ACTIVITY:
Pictures are to be left out; every line from the one with "Lovesac Modular Furniture" through the end of the data must be transcribed exactly.

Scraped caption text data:
"""

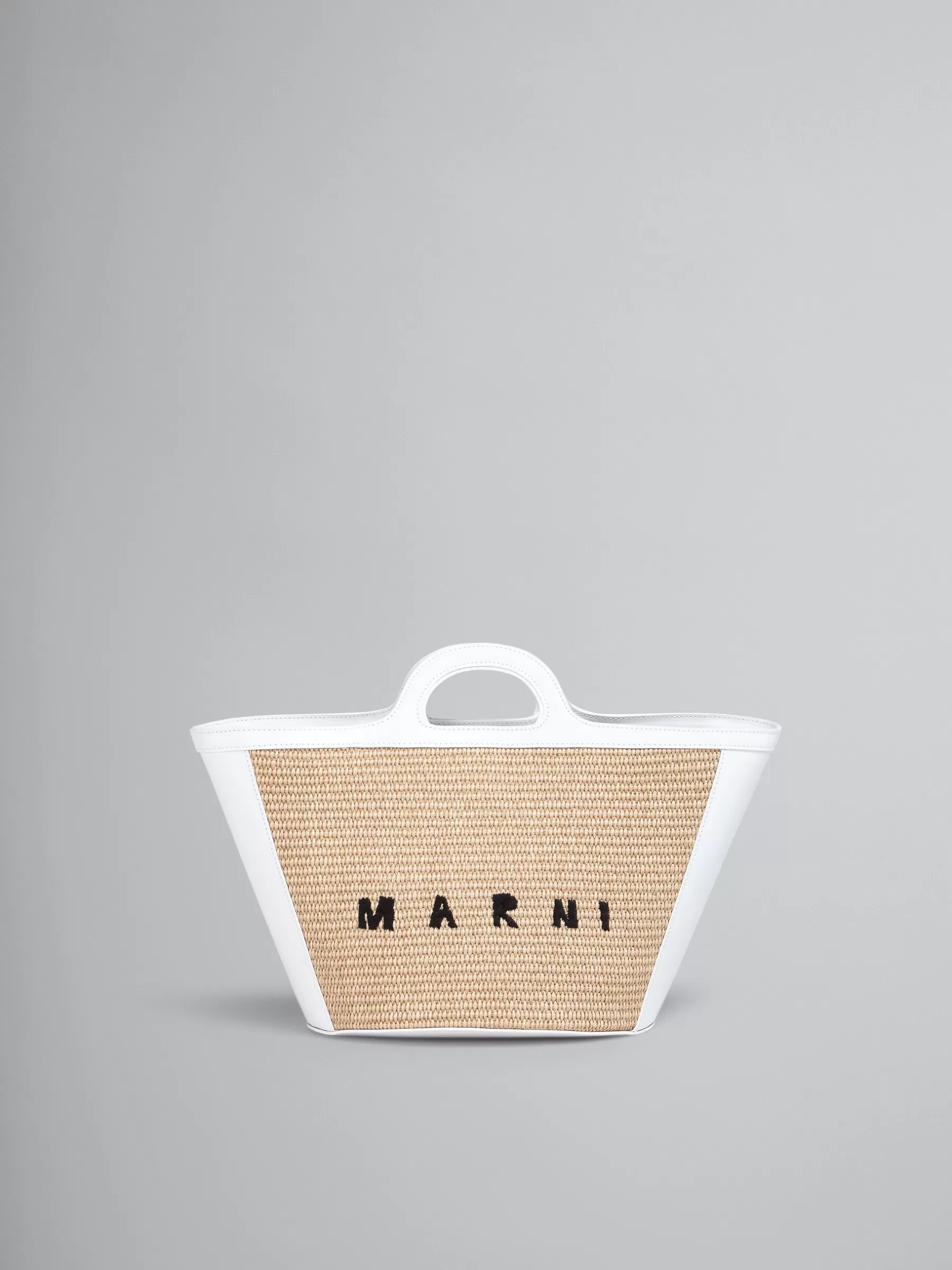 Marni Tropicalia Small Bag In White Leather And Raffia-effect Fabric SANDSTORM/LILYWHITE Cheap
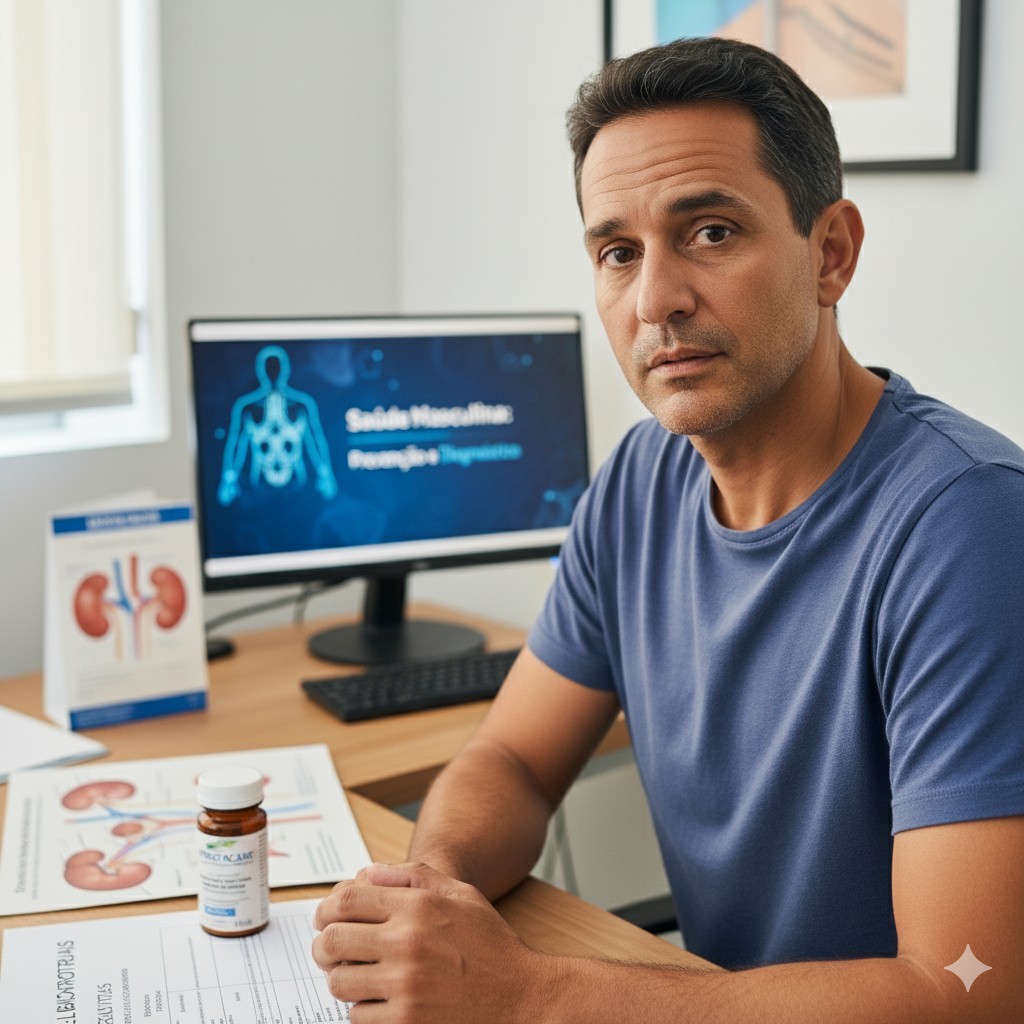 Homem em consultório demonstra preocupação: embora mais frequentes em mulheres, as infecções urinárias também afetam os homens, especialmente aqueles com próstata aumentada ou cálculos renais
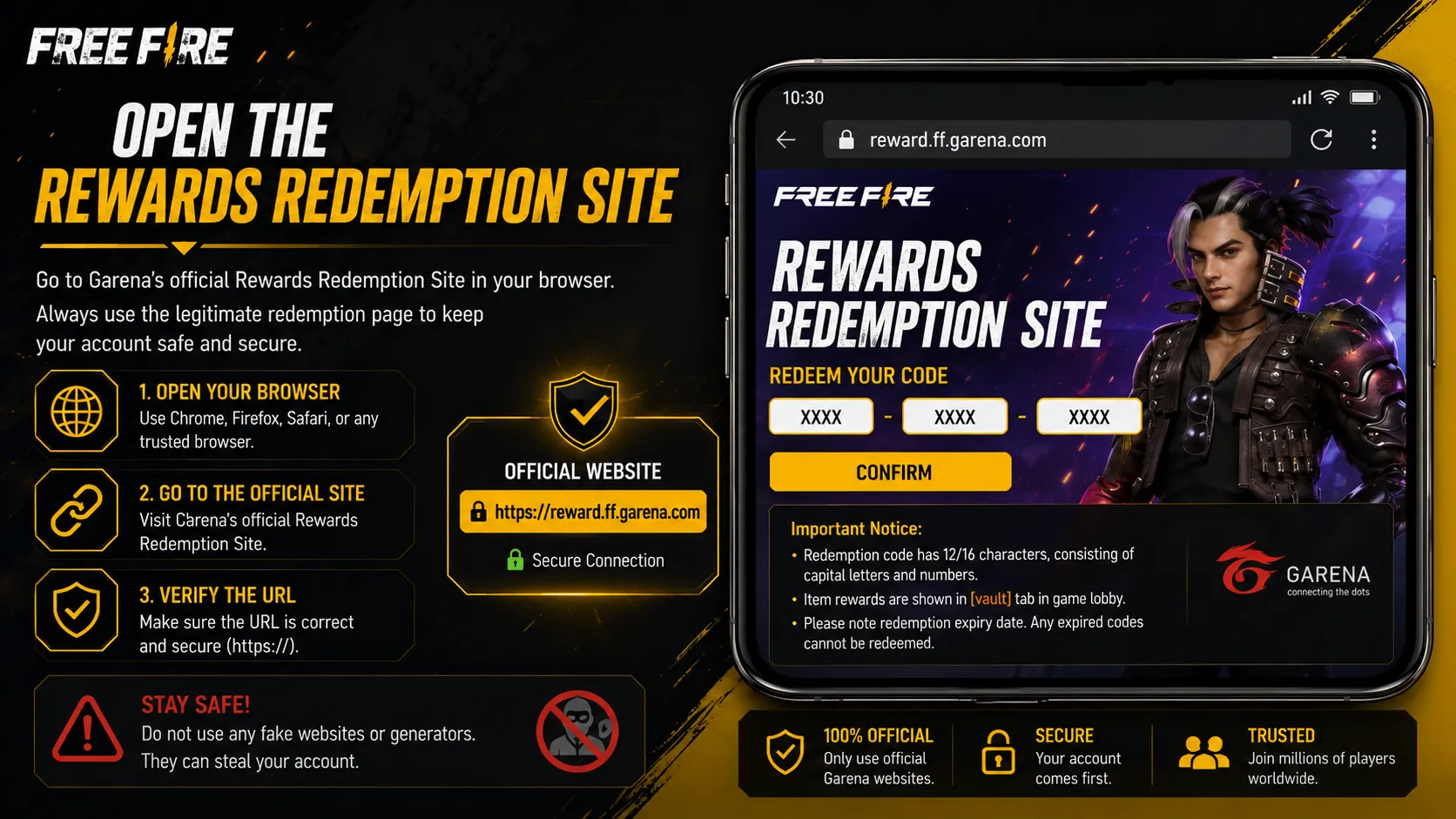 Opening Garena&rsquo;s official Rewards Redemption Site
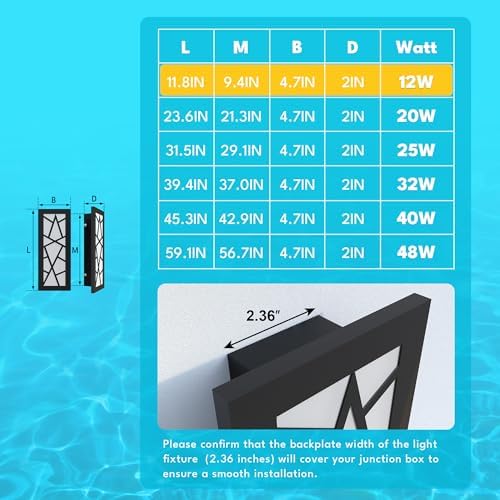 Outdoor Wall Light 11.8inch Modern Outdoor Wall Sconce LED Long Wall Sconce Black Front Porch Light IP67 Waterproof 3000K Exterior Lighting Fixtures - Image 3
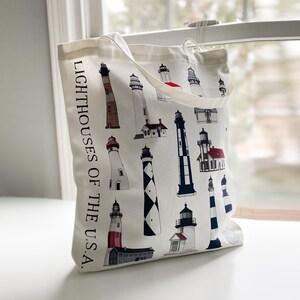 Lighthouses of the USA Tote Bag, Coastal Accessory, Reusable Shopping Bag, Nautical, Maritime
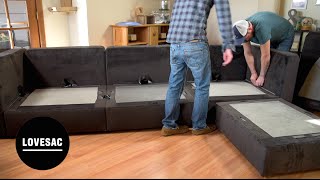 Lovesac Modular Furniture Assembly Tips Tricks amp REVIEW [upl. by Kind399]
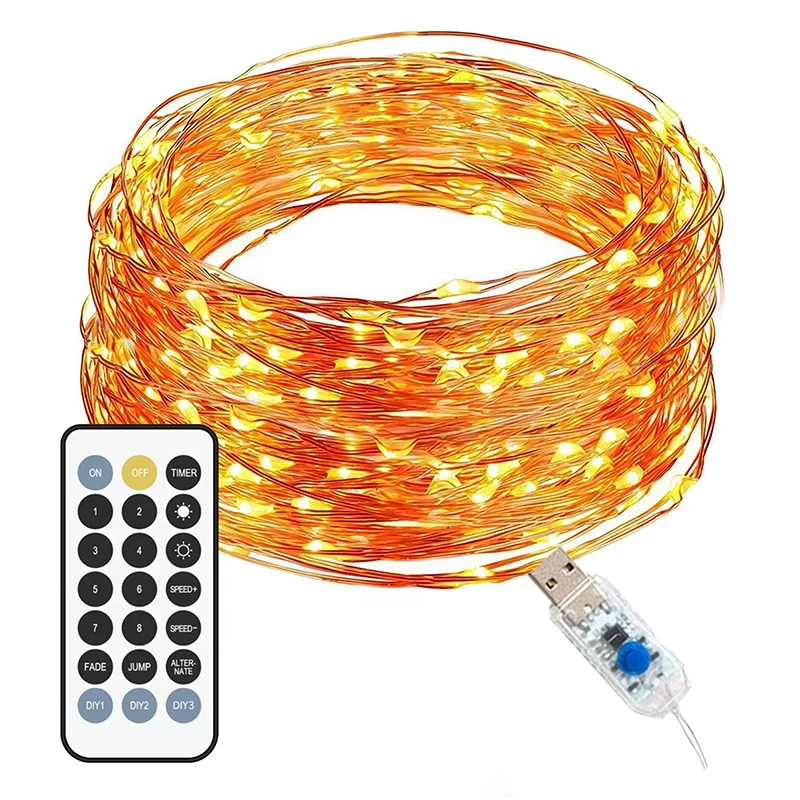 Waterproof RBG 16 Color Christmas Decoration Changing Remote Control LED Copper Wire String Light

"""

PROBLEM SOLUTION:
 Lovesac Modular Furniture Assembly Tips Tricks amp REVIEW [upl. by Kind399]
 Waterproof RBG 16 Color Christmas Decoration Changing Remote Control LED Copper Wire String Light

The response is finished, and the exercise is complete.